Creating Great Secondary Characters
Almost every novel has a range of supporting characters to help bring the story to life and who revolve around the main character.
These secondary characters aren’t just there to make up the numbers. They’re necessary if you want to tell a complete story. Writers use them to create different viewpoints, reveal important details and involve them within subplots, they support the protagonist and they help the story arc to evolve. They also help the story move forward.
The main character needs them, whether they are friends, family, strangers or enemies. They are there to help, motivate, challenge or even create conflict with your protagonist. Ultimately, they all have the same purpose - to help get the story from the beginning to the end. They bring added dimension and depth to your story.
So who are secondary characters?
Secondary characters usually have some dialogue and interaction with the main character. They may have their own scenes, or be part of a subplot. Characters that speak one line, have a walk on part or appear in the background in scenes are peripheral characters.
Great secondary characters are multidimensional. Just because they don’t share as much starlight as the main character, they still need to feel like real people to your reader. Make sure they, too, have backstories. Give them a history; give them motivations, personality traits and behaviours. Make them relatable. The reader needs to connect with them just like they have to connect with the protagonist, so they need to feel these people are just as real as your hero and villain.
The type of story you create will dictate the type of supporting characters you make. And their actions are often what make them memorable. Of course, there will one or two supporting characters that will appear with your protagonist more than others. These are the important secondary characters that will help carry the story.
They need to be individual and have a different perspective of the world that your main character inhabits.

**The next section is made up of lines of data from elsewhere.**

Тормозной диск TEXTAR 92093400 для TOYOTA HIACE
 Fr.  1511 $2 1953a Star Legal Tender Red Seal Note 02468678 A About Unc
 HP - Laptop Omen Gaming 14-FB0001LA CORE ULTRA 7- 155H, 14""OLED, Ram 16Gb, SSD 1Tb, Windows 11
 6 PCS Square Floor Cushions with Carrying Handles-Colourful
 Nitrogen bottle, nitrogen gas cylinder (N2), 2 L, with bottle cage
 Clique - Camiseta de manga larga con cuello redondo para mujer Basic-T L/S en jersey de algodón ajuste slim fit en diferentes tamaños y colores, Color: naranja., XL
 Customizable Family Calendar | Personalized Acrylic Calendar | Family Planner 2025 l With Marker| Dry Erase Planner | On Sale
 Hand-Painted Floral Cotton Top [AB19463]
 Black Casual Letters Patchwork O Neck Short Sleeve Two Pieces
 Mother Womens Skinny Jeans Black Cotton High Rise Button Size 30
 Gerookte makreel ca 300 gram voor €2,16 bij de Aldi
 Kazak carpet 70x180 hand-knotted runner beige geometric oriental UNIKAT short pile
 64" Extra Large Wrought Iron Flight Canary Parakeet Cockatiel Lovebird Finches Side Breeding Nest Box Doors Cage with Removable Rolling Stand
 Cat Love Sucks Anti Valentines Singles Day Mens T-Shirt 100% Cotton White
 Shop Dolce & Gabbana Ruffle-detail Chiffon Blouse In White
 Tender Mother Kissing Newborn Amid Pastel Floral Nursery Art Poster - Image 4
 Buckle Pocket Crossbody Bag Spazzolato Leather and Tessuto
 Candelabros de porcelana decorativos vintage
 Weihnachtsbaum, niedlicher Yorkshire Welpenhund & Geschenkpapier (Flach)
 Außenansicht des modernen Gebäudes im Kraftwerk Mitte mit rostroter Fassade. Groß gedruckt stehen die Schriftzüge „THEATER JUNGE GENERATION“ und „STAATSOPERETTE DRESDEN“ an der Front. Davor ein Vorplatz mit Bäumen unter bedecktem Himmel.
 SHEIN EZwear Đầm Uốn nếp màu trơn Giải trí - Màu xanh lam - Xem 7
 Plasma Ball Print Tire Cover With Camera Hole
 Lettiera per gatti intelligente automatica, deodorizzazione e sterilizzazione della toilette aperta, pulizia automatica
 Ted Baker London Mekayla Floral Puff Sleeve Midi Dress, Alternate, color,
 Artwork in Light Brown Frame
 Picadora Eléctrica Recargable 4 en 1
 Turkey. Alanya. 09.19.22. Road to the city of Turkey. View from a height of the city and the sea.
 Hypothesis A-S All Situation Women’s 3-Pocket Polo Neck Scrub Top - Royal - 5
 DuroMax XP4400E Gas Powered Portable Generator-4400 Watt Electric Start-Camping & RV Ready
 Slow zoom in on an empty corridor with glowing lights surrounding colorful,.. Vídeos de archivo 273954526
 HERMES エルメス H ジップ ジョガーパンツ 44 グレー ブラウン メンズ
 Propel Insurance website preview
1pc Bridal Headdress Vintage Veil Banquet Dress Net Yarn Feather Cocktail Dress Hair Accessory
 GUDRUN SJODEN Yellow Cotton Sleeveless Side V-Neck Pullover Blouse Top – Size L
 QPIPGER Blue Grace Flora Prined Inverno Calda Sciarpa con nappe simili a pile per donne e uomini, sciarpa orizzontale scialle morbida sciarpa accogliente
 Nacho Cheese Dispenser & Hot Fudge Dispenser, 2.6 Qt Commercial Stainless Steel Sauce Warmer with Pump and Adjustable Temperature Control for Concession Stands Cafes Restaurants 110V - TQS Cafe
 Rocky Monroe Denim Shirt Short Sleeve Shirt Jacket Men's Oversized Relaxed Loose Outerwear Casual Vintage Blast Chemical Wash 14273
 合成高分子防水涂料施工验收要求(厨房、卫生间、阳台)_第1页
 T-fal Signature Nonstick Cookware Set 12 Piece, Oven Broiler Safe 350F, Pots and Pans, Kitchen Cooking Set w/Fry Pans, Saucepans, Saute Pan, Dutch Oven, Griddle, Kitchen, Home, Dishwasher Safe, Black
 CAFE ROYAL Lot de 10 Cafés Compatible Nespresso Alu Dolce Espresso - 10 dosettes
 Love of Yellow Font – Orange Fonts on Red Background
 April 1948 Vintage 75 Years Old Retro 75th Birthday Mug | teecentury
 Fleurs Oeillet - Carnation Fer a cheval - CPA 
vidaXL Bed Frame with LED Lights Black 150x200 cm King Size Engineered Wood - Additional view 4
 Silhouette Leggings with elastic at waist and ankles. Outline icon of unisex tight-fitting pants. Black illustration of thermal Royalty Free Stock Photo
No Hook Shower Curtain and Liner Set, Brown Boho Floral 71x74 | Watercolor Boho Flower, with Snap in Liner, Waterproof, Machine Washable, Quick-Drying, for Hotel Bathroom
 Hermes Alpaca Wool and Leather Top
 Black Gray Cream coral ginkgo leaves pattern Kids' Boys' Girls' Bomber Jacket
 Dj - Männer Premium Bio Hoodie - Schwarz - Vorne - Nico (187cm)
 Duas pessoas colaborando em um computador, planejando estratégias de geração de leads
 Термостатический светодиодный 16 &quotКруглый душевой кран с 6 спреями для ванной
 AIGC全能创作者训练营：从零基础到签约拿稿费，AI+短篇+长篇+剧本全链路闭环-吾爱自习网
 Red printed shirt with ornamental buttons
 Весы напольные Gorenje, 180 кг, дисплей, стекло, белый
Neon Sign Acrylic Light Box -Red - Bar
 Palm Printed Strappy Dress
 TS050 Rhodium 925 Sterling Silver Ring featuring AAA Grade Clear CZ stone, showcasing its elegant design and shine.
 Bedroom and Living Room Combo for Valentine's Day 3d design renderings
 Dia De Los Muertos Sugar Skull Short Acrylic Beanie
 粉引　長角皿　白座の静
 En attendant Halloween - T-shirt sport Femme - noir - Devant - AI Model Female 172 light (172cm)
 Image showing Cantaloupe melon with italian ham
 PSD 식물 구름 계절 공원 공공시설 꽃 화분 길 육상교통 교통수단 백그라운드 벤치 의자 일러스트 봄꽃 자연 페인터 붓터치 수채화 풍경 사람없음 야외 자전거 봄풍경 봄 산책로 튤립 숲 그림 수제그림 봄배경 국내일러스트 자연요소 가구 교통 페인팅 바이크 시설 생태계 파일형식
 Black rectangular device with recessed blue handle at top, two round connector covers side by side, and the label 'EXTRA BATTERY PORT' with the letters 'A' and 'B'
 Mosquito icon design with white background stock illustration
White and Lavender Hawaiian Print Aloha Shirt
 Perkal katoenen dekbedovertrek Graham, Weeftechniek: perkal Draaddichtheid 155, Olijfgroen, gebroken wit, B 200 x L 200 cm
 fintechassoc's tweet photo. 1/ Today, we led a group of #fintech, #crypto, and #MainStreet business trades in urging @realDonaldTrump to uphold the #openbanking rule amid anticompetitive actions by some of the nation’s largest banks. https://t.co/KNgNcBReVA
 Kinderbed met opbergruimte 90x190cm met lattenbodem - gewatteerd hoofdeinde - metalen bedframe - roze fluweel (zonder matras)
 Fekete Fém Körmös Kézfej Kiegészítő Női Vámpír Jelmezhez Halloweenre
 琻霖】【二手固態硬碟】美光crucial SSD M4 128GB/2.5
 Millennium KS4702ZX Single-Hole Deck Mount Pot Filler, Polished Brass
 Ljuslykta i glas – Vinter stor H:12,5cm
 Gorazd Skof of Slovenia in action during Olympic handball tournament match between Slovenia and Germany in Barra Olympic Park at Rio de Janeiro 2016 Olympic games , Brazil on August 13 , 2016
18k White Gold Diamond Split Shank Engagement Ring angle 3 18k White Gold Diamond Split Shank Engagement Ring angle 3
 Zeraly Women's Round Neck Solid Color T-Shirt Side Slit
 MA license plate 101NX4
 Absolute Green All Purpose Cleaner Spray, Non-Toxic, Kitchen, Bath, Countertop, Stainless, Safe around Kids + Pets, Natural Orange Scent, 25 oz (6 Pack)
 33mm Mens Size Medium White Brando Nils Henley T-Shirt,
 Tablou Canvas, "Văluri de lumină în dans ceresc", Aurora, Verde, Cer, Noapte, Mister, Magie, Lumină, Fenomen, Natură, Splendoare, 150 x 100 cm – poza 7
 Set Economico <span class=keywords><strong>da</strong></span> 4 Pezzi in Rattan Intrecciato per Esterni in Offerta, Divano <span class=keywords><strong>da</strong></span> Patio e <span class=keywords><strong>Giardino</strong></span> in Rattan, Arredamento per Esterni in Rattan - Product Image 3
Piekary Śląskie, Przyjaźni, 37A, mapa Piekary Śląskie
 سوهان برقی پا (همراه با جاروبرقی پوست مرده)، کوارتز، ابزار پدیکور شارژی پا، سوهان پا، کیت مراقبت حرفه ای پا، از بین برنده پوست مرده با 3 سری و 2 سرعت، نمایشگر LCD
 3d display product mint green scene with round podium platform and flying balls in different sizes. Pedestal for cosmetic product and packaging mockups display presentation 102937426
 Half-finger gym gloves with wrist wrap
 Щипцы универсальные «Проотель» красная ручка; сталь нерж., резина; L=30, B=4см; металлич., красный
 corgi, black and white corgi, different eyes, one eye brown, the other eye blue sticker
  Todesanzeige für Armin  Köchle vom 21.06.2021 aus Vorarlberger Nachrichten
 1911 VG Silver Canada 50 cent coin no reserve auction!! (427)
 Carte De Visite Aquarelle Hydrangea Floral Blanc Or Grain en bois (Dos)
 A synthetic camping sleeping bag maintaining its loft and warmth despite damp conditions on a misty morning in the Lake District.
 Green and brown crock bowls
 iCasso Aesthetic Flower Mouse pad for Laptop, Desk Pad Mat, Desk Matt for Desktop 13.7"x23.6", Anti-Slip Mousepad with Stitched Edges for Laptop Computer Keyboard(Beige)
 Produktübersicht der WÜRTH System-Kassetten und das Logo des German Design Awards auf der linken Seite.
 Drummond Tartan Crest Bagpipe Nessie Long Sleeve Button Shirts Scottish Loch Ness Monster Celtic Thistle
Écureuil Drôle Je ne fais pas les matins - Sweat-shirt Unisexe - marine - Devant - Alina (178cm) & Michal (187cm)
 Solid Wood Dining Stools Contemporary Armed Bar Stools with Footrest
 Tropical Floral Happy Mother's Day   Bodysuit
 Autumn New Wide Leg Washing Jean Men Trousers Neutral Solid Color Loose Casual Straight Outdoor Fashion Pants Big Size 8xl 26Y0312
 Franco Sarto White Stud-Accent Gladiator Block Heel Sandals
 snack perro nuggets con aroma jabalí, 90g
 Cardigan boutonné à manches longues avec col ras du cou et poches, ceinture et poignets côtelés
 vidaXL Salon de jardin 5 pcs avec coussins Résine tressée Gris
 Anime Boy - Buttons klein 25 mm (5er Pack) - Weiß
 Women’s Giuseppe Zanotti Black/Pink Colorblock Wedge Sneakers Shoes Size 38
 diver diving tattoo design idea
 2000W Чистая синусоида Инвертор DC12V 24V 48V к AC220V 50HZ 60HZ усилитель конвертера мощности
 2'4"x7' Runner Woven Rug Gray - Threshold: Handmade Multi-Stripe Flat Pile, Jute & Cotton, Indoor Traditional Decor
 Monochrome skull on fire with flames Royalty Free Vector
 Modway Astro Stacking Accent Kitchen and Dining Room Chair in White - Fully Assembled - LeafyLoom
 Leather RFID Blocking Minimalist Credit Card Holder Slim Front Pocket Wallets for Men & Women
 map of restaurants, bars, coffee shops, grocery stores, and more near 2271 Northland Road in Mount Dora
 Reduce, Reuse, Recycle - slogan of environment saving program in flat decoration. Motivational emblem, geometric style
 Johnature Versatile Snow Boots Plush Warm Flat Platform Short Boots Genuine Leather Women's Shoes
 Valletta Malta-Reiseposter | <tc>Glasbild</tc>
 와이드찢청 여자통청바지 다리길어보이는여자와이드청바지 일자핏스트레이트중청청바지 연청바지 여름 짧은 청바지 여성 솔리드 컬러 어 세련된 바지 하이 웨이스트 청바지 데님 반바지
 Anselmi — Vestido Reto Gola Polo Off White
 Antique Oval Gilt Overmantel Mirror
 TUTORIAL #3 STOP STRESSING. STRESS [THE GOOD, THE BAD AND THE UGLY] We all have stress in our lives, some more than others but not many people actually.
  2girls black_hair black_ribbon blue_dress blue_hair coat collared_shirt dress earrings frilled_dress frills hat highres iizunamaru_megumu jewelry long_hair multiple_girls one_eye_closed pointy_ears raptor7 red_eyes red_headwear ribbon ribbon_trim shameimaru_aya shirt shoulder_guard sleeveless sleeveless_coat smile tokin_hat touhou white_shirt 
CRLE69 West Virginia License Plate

When you put together the plot and you plan your chapters, make sure your secondary characters know what role they need to play in important scenes and chapters, because like everything else in a novel, they have to have a reason to be there and a reason behind what they do.
Even before you start writing, know your important supporting characters inside out. Give them unique characteristics; something that helps them stand out, something that makes them markedly different from everyone else. That way, the reader will remember them.
Give them flaws, just as you would the protagonist. That way, the reader will grow to understand their actions and behaviours. They won’t be perfect, so don’t make them that way. We need to see their mistakes.
How will their actions or behaviour affect situations or events? Make sure they evolve with the story. No character stays the same because the story is always moving forward; things happen, things change, and people change because of what happens. In other words, they, too, have their own character arcs that develop and grow as the story unfolds. This creates an imprint for your reader.
What kind of people are they?
Will they be friends to the main character, or family members, or maybe a lover or spouse? Are they people who could provide comfort and safety, or influence? Are they the kind of people that will generate different, intense story threads and complexity?
Can they be trusted? Will they be an enemy? Will they create conflict or be reckless and dangerous? These people always have their own hidden agendas and like to complicate things.
Whoever they are, give them depth of character and give them a reason to be in the story.
Of course, there are some things to avoid when it comes to writing secondary characters, things that will cause all manner of problems if they go unchecked:
Don’t create too many supporting characters. It can prove confusing to the reader who won’t be able to keep track of them all. And it will be impossible for you as a writer to establish any connection to the reader with so many characters to concentrate on.
Don’t let any secondary character overshadow your main character or become more compelling that they become more important. The key to getting this right is to remember that your main character should be in 90% of the story (if told from 3rd person). If one character appears more often than your hero, then you have a problem, and you need to start cutting.
Don’t create stereotypical secondary characters. Make them unique and different. Also, don’t create characters just to make up numbers. If they don’t serve the story, get rid of them.
Remember, they are there to support the main character, move the story forward, reveal information and to help get the story from beginning to end.